Meten is zweten
Zoals zo vaak een mooi artikel in De Correspondent. Waarom? Over het algemeen omdat het appelleert aan mijn eigen beleving en soms omdat het de spijker maar weer ’s op zijn kop slaat. Zoals in dit geval, waarin mijn stokpaardje over de idiote econometrie wordt bevestigd in termen als kwantificering en ‘sportificering’. Meten is zweten, want er wordt heel wat energie gestoken in het verzamelen van cijfers om voors te verkopen of tegens te weerleggen.

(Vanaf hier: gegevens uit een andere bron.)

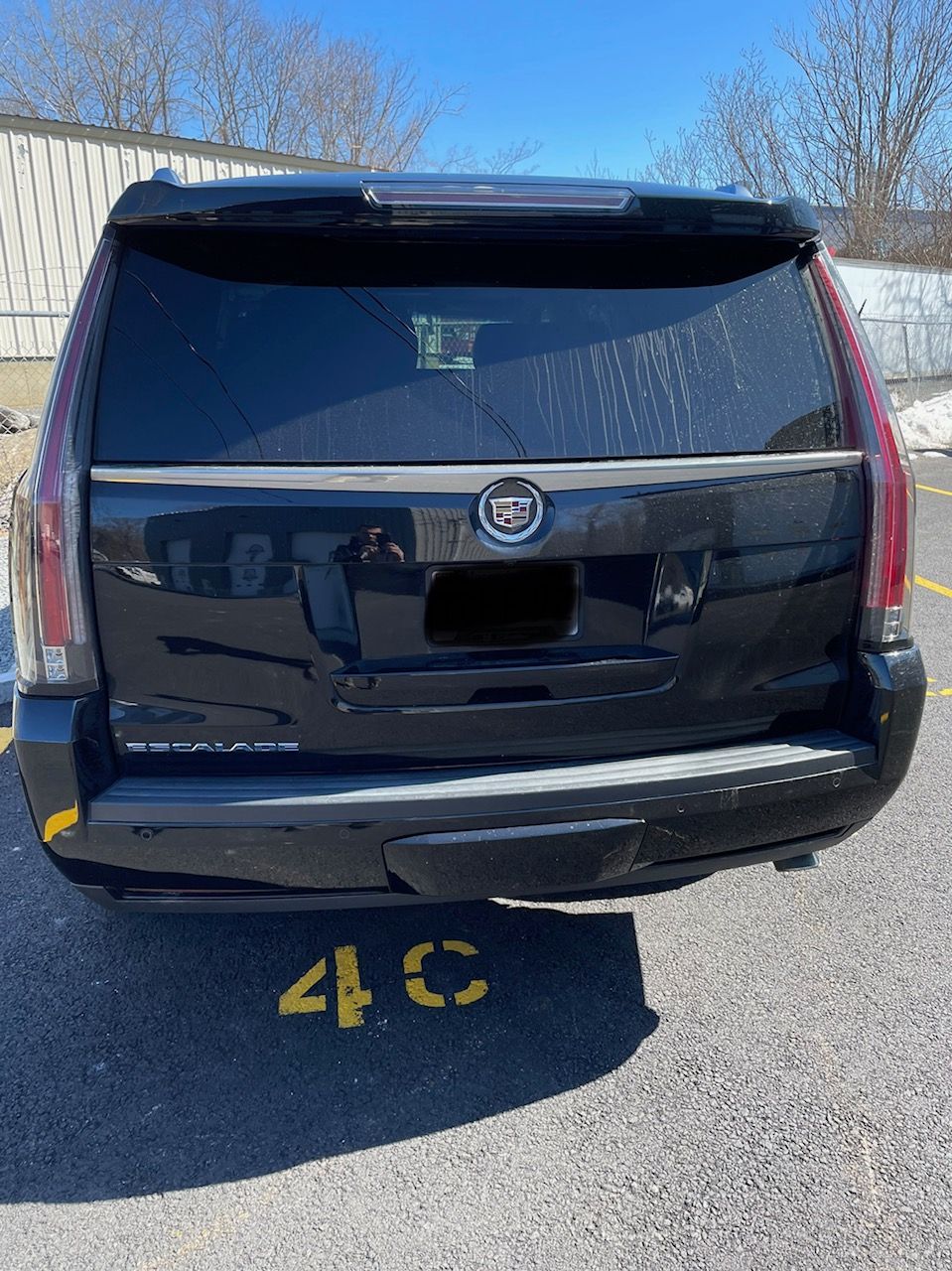 A black cadillac escalade is parked in a parking lot.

Energie die de maatschapppij op andere vlakken heel goed zou kunnen gebruiken …
Filosoof René Gude noemde het de ‘sportificering’ van de samenleving: ‘Peilingen en rankings tuimelen over elkaar heen. Die sportificering ervoer ik in het klein in de klas. En je ziet het in het groot terug in praktisch alle onderdelen van de maatschappij: bij de politie, bij de publieke omroep, in de gezondheidszorg en in het onderwijs.

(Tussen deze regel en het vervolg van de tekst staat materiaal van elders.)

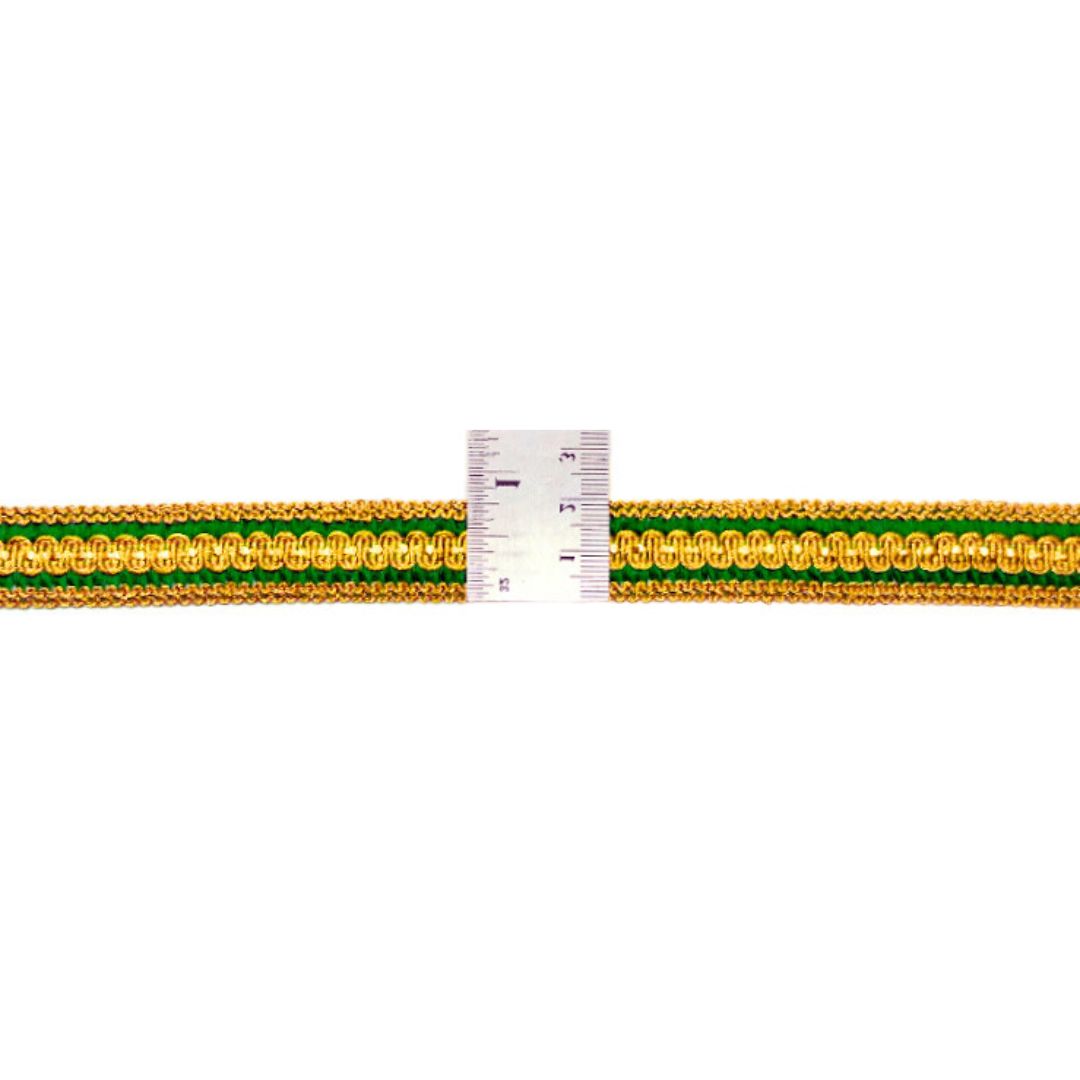 Gold and green braided cable with a ruler for scale on a white background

Alles wordt gemeten: van het aantal verkeersboetes tot de hoeveelheid bachelordiploma’s, van de klanttevredenheid tot het bruto binnenlands product. En steeds vaker worden organisaties, individuen of landen afgerekend op die metingen. Televisieprogramma’s verdwijnen als de kijkcijfers tegenvallen. Wetenschappers krijgen alleen promotie als ze voldoende publiceren. Kwantificering maakt de maatschappij overzichtelijk. We tellen, ranken en scoren. Er zijn winnaars en verliezers. De samenleving is een sporttoernooi. Met als koningsnummer: geld. Hoe hoger je inkomen, hoe hoger je positie op de sociale ladder.

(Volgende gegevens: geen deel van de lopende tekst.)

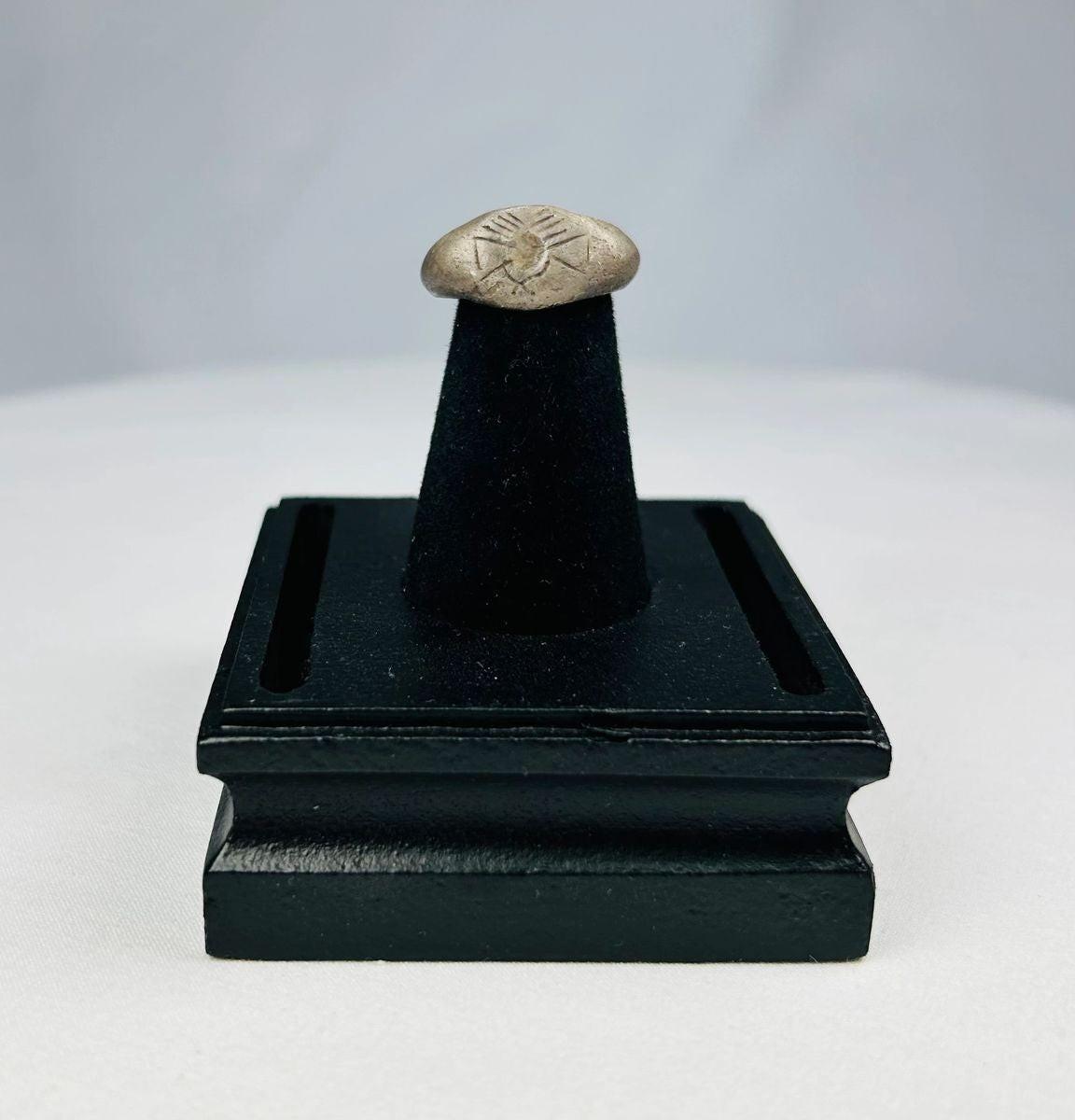 Ancient silver signet ring with finely engraved sunburst motif on bezel, thin rounded band, and natural aged patina, dating to the Late Roman to Early Byzantine period, circa 200–500 CE.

Uit geluksonderzoek blijkt dat mensen die extrinsiek gemotiveerd zijn – geld, status, imago – ongelukkiger zijn dan intrinsiek gemotiveerde mensen – nieuwsgierigheid, plezier, empathie. Andere aspecten die belangrijk zijn voor je geluk zijn een goede gezondheid, fijne vrienden en familie. Het zijn stuk voor stuk zaken die niet te tellen zijn. En je kunt er niet op concurreren: hoe meer ervan is, hoe beter.